WHAT THE EXERCISE ASKS> Search the entries for lines that contain the word "jeans", and report each one found.

-*-*-

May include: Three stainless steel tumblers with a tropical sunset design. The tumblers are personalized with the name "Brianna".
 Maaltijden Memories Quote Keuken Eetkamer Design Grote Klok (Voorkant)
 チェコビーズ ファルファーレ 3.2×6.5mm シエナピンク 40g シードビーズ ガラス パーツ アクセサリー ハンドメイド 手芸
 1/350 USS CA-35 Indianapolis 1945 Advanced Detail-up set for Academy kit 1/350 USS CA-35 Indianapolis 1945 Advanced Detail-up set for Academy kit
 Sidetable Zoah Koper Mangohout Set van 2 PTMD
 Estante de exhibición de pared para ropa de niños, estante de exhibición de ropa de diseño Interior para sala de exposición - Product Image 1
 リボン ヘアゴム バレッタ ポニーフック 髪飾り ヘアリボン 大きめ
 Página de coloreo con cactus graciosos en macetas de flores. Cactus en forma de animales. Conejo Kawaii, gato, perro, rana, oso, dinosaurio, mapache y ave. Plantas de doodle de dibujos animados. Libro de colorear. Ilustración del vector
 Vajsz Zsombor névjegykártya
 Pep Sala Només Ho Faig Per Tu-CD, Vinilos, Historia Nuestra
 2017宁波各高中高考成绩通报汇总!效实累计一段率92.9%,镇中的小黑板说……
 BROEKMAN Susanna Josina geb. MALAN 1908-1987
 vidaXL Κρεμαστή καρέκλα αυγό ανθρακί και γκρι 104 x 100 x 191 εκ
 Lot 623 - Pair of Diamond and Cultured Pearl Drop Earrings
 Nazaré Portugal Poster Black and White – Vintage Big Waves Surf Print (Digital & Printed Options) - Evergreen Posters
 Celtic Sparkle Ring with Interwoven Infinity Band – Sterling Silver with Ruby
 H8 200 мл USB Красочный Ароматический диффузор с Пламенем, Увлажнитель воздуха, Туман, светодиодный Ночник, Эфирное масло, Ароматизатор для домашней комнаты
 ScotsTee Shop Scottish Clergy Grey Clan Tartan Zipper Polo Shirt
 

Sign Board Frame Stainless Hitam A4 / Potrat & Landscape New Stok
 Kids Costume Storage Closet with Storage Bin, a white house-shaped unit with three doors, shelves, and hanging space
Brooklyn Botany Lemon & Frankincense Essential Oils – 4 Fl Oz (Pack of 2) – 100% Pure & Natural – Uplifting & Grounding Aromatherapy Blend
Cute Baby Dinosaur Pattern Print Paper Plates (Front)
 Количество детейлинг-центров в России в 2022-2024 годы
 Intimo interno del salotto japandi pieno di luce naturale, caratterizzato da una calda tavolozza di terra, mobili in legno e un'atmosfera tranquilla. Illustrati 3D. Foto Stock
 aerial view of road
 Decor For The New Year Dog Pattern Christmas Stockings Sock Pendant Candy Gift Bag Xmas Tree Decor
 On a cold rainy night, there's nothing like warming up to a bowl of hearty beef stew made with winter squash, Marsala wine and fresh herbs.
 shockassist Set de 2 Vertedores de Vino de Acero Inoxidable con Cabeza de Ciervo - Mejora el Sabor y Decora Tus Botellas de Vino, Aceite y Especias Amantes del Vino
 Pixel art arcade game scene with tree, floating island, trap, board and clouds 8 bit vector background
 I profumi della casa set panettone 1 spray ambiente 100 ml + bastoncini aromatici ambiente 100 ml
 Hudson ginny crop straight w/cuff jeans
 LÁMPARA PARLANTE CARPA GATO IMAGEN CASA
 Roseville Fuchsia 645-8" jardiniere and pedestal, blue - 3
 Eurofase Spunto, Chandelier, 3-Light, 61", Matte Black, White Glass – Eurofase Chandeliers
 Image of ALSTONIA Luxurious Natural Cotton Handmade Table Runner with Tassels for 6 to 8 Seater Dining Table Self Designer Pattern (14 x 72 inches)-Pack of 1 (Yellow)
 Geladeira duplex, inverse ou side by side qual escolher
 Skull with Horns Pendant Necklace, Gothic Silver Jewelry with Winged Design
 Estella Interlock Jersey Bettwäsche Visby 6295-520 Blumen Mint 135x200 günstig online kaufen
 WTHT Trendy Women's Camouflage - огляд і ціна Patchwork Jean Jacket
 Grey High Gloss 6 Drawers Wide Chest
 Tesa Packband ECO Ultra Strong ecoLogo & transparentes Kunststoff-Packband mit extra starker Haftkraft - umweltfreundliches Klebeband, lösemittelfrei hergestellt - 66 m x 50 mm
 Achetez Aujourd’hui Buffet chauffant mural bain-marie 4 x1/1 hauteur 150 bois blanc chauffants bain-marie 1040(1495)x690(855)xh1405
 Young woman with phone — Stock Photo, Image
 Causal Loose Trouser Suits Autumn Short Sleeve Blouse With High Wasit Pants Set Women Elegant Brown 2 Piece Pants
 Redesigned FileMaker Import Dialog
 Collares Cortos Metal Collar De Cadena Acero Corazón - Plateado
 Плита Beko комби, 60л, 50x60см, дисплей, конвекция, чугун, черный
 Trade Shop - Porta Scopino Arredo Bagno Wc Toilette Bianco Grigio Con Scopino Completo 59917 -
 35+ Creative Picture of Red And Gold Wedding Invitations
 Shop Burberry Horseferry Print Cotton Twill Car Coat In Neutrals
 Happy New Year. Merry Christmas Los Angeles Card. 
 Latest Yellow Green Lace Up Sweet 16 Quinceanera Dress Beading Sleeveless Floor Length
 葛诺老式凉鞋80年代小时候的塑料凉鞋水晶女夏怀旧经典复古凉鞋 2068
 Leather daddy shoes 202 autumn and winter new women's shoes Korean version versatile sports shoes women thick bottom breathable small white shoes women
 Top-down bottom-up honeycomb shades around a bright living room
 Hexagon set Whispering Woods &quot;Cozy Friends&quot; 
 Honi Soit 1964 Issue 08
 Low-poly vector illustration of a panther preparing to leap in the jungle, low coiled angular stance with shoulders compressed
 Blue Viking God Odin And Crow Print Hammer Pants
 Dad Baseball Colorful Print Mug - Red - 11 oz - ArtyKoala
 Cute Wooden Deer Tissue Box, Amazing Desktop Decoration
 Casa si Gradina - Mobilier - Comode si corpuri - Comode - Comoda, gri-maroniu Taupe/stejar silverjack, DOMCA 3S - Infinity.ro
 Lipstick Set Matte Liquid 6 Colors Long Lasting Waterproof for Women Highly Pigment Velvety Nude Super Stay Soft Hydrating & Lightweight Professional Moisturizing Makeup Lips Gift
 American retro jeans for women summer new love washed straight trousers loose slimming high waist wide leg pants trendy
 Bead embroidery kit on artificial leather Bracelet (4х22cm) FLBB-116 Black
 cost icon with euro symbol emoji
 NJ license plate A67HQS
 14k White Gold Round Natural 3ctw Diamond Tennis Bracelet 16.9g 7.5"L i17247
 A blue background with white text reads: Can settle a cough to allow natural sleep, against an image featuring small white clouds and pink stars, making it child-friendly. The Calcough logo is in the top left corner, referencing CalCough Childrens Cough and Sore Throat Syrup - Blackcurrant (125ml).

-*-*-

ANSWER TO THE PROBLEM>
 Hudson ginny crop straight w/cuff jeans
 American retro jeans for women summer new love washed straight trousers loose slimming high waist wide leg pants trendy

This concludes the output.